Heavy wind gusts might have caused South Mountain brush fire
By Peggy Kelly
Santa Paula News
Published: January 04, 2013
A brush fire driven by gusts of up to 40 mph Santa Ana winds burned along the north face of South Mountain early Wednesday, a blaze that could have been worse if not for recent rains.
The fire was declared 100 percent contained January 2 at about 10 a.m., more than six hours after it was first reported around 3:25 a.m. The fire was reported to be burning about halfway up the mountain in the 17900 block of South Mountain Road, in the area where the southbound road takes a turn to the east and follows along the route of the Santa Clara River.

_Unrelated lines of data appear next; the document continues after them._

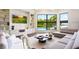 Bright living room with pool view, white shelving, large windows and comfortable seating at 570 Manor Rd, Maitland, FL 32751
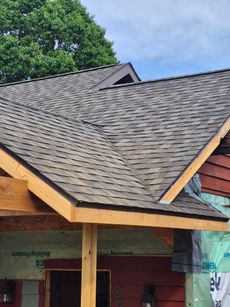 Newly shingled roof, brown shingles, wooden trim, red siding under construction, against a blue sky.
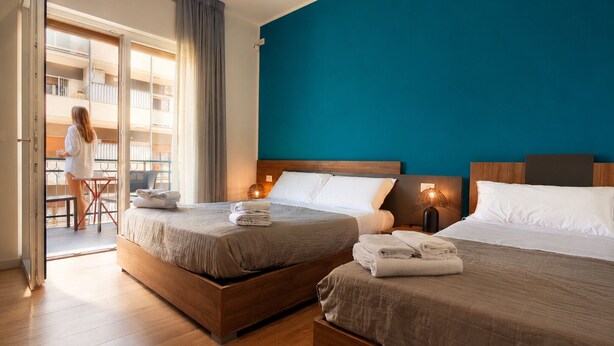 Habitación de hotel con dos camas, un balcón y vista al interior del edificio.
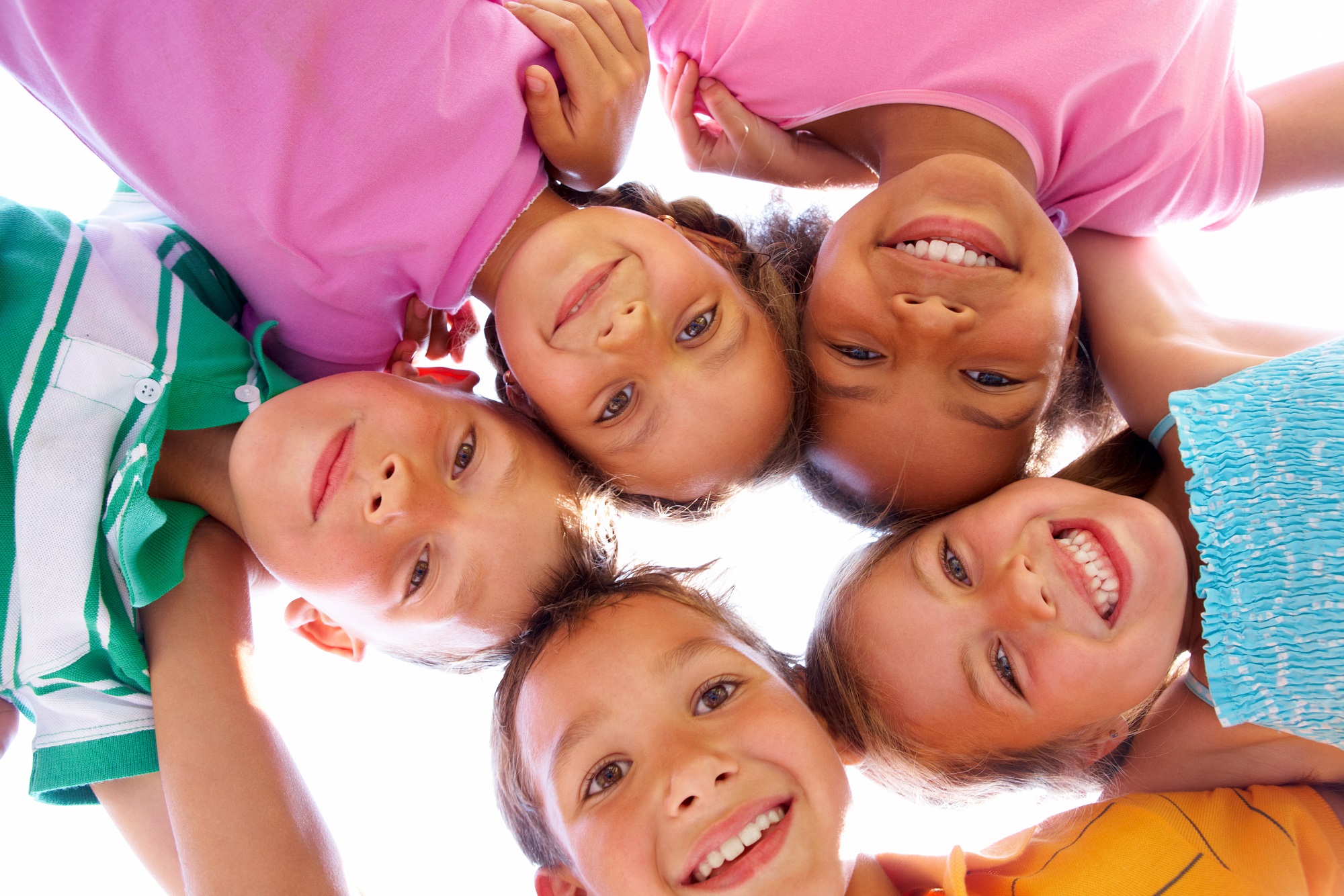 smiling children huddled together looking down over the camera in a circle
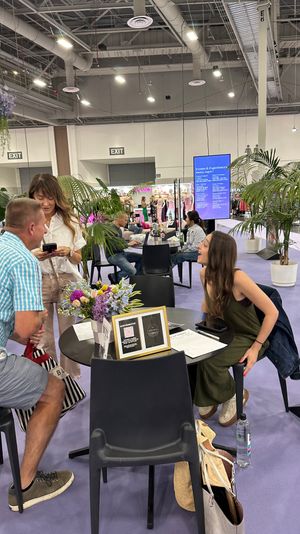 Three people chatting at a round table inside a lively convention center lounge with potted palms, a floral centerpiece, booths and an events schedule screen in the background.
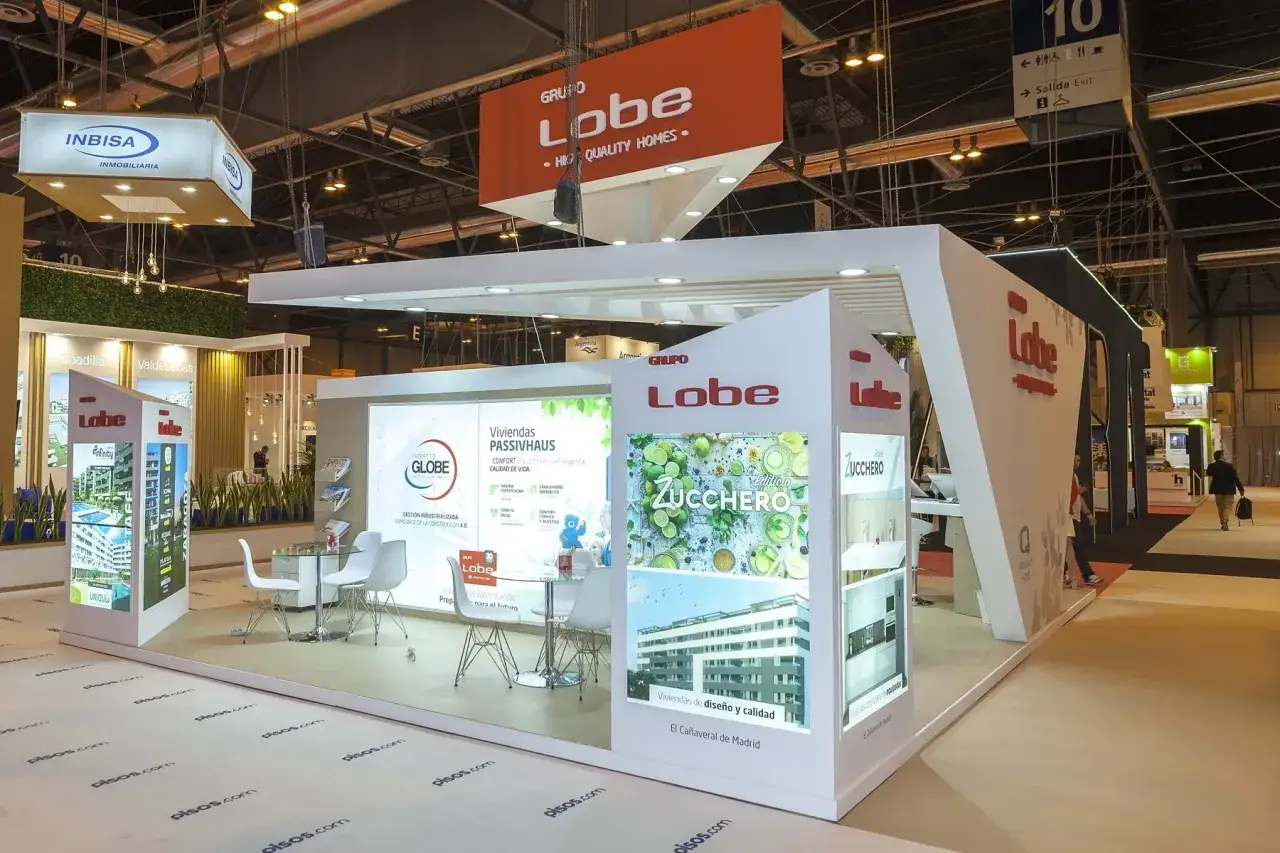 Expositor de viviendas de diseño y calidad en una feria comercial. Destacan los logos de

Although fully contained, firefighters will remain on scene throughout the day to investigate the cause of the fire, which burned three acres on the west side of Spur Ridge. Although the cause of the fire is as yet undetermined, reportedly first unit responders found power lines down that initially blocked access to the fire.
Incoming units were diverted from the downed power and low hanging power lines by firefighters who used glow sticks to mark the dangerous areas. Twenty-seven units in all, including a Ventura County Sheriffs Office helicopter, responded to the fire, which was declared approximately 70 percent contained at 7:30 a.m.
No structures were threatened by the blaze, which officials believe could have been worse. Recent rains helped to slow the spread of the fire by producing newer greenery that did not burn as quickly as dry brush, even as the winds continued to gust throughout the early morning hours.